Choosing between an online MBA and campus programs
Once you’ve decided that this is the right path for you, the next choice to make is whether to study for an online MBA or attend a program on campus. It’s important to remember that neither option is objectively ‘better’ than the other – it comes down to which one is most suitable for your individual circumstances.
For example, if you are intending to study while holding down a full-time job, then an online MBA can give you the flexibility to do so. By enabling you to complete the course at your own pace, you can devise a routine that easily fits around your existing work and family commitments. So whether you prefer to study early in the morning before heading to the office or in the evening before bed, the choice is yours. Likewise, you can study in a coffee shop if you work best with some background noise or in the peace and quiet of your home office if you need silence.
Another advantage of the online MBA is that you can study with an institution anywhere in the country without having to move house. This opens up your choices to a greater number of colleges, especially if you already have children in school or a job you don’t want to leave. Online courses can also be a cheaper option, both because tuition fees tend to be lower and because you don’t have to worry about extra costs such as commuting or term-time accommodation. You’ll also have the chance to pick up some useful new technical skills by studying online too!
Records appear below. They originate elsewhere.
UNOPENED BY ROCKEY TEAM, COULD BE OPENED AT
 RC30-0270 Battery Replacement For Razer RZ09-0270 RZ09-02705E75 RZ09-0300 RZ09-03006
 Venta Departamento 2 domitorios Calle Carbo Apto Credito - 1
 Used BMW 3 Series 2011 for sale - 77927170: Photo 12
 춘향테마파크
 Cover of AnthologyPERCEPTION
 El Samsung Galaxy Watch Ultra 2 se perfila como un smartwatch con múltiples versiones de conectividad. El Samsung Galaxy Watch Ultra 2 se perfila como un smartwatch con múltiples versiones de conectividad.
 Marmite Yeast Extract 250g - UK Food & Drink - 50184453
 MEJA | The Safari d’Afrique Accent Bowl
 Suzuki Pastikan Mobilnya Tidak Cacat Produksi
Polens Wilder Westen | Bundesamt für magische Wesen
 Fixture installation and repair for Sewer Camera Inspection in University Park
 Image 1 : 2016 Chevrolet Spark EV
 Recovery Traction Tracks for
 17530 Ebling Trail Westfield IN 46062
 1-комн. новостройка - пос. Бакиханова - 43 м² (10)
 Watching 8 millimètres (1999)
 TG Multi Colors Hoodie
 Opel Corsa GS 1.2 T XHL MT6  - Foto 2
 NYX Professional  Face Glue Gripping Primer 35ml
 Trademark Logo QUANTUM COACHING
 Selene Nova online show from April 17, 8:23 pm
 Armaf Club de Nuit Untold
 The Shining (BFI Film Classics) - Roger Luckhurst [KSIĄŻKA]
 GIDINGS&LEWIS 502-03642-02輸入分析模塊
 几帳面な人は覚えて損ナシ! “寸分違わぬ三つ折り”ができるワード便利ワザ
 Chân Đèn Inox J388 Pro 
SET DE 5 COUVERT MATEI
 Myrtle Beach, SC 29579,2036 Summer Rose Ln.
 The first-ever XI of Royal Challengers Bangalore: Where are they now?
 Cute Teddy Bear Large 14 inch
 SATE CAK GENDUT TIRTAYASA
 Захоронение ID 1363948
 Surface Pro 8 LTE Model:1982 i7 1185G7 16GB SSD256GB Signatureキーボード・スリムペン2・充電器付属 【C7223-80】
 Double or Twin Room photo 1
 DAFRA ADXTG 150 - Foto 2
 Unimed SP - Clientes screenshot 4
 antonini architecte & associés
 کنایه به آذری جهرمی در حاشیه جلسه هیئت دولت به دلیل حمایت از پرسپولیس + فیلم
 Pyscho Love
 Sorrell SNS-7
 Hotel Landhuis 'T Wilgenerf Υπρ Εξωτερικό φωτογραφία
On the other hand, if you like the image of studying late in the campus library, attending your college’s sports games, or having serendipitous networking opportunities in the hallways, then an online MBA might not be the most appropriate fit for you. The best advice is to think about exactly what you want out of your studies, then see which option delivers that. Whichever you choose, you’ll enjoy the same high standard of teaching and the same chances to meet like-minded people. Plus, nowadays, virtual learning is becoming far more common, so employers won’t look down on an online MBA either.